Julie: Growing up I was in an incredibly insular Christian community, and I listened to Sandi Patty, a Grammy-winning Christian superstar. I consider her my teacher. Rock music was strictly forbidden — especially anything with screaming guitars of any sort, AC/CD, Black Sabbath, like that. They even convinced us that the Eagles had backward masking and subliminal satanic messages, with lyrics like "They stab it with their steely knives but they just can't kill the beast." But I also listened to light 70s pop with my Dad, Barbara Streisand, John Denver and Kenny Rogers.
What’s in current heavy rotation in your digs now?
Josh: We're AAR — All About Rufus. Wainwright, that is. We've seen him 5 times in the last year or so, have all his albums and have met him twice on separate occasions, and Julie even got a hug and a kiss from him last time we saw him.

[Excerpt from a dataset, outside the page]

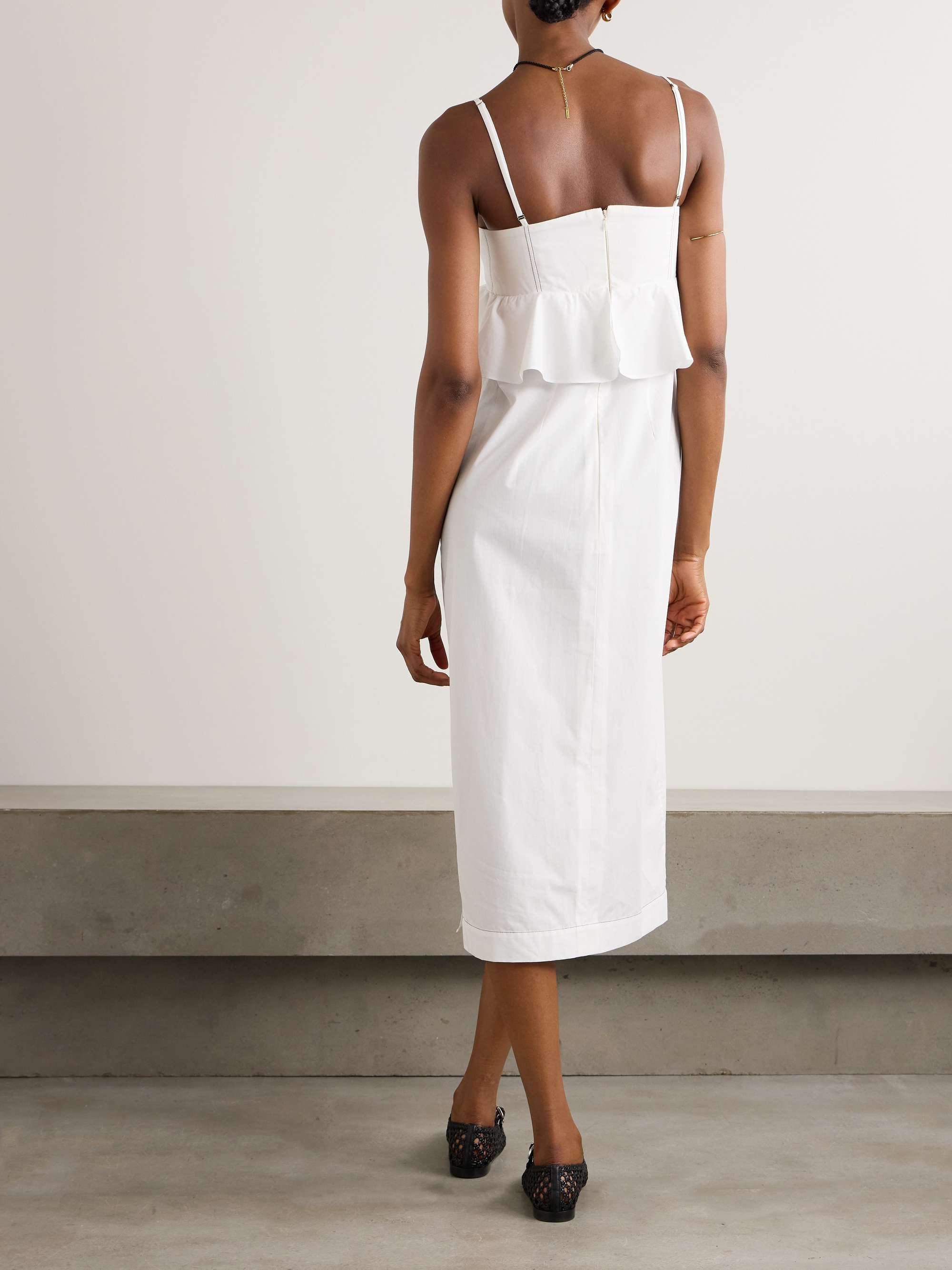 KIKA VARGAS Leymah topstitched ruffled cotton-poplin peplum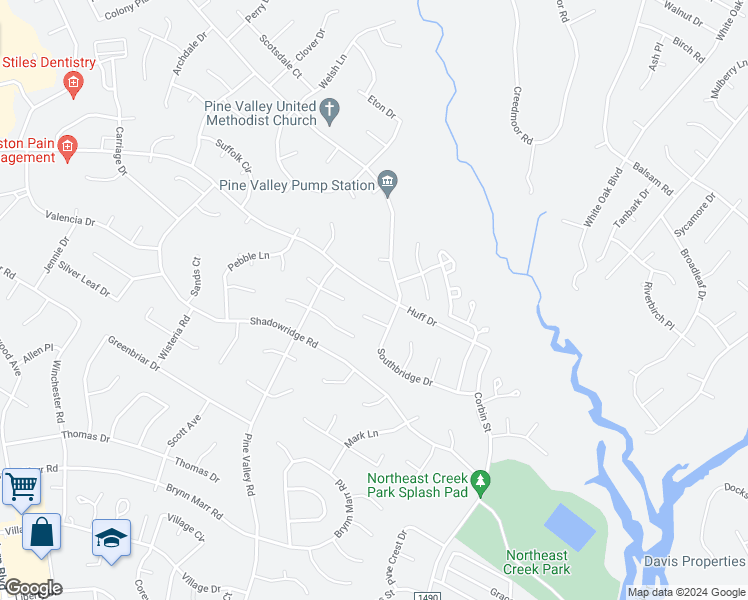 map of restaurants, bars, coffee shops, grocery stores, and more near 1114 Huff Drive in Jacksonville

We both would sleep with him if I wasn't straight and he wasn't gay and we weren't married or he wasn't single or vice versa, and if he liked big girls, although who the hell knows — maybe he does. Aside from that, we like The Bird and the Bee, Regina Spektor, Amy Winehouse, and I'm re-listening to Nuggets 2. And there is always Desi Arnaz and the Beatles.
Josh: I placed a personal ad in a free newspaper in 1996 and Jules answered it. Our first date — blind, mind you, no photos — was supposed to be for coffee, but wound up being 16 hours long and only ended because one of us had to go to work, I forget who. We've been together ever since.
Recently, Josh, you contributed a size acceptance related essay to Salon and also earlier a song for the first group disc entitled "I Like A Whole Lot of Woman." It's obvious where your sympathies lie, but, working in an industry where appearance is so commoditized (witness the recent manufactured controversy over this year's "American Idol" winner), does Julie ever feel the pressure to be less curvaceous?
Julie: I come from a world where it's about the music, man. The audience that I'm after isn't a mainstream audience — it isn't the one that watches American Idol. I do feel pressure but also a sense of pride, that I represent the big girls. A lot of people have said, "You're up there, unapologetic and dancing around, wearing beautiful clothes — it's an inspiration." At the end of the day it should be about the music.